--- Material provided Enclosed Below ---
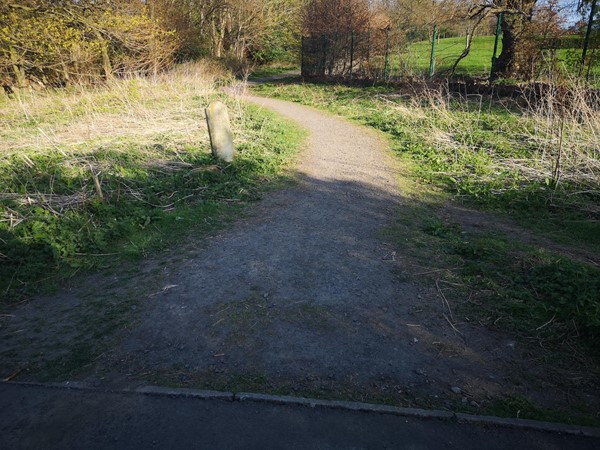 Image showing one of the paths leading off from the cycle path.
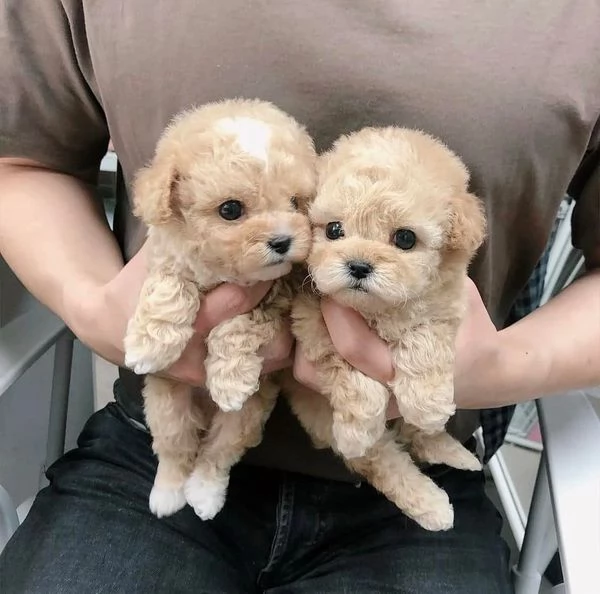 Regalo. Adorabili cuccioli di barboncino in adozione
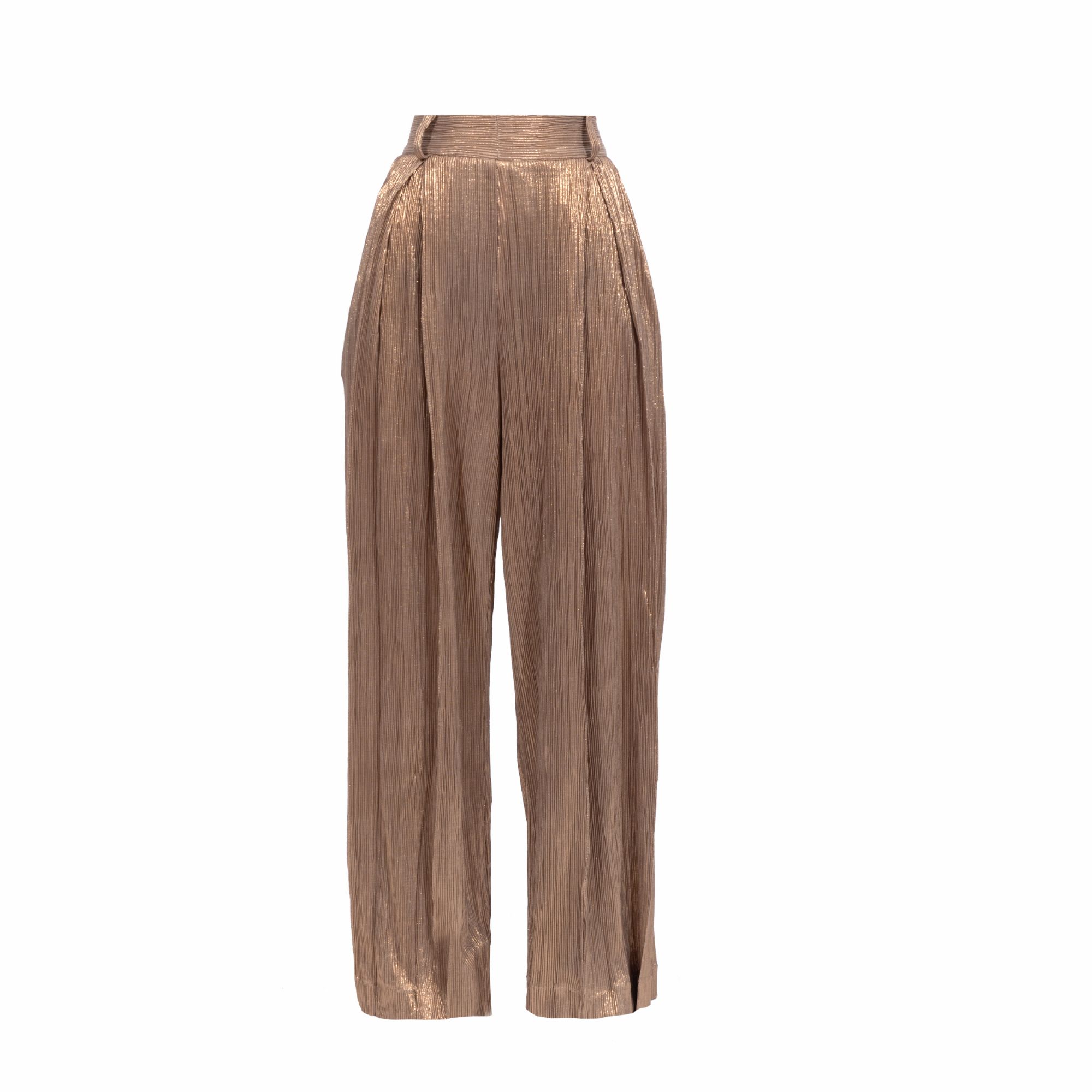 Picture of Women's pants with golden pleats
--- End of Enclosed Material provided ---
Work to be completed ▸ Write every line above again exactly, but leave the pictures out.

Output of the task ▸
 Image showing one of the paths leading off from the cycle path.
 Regalo. Adorabili cuccioli di barboncino in adozione
 Picture of Women's pants with golden pleats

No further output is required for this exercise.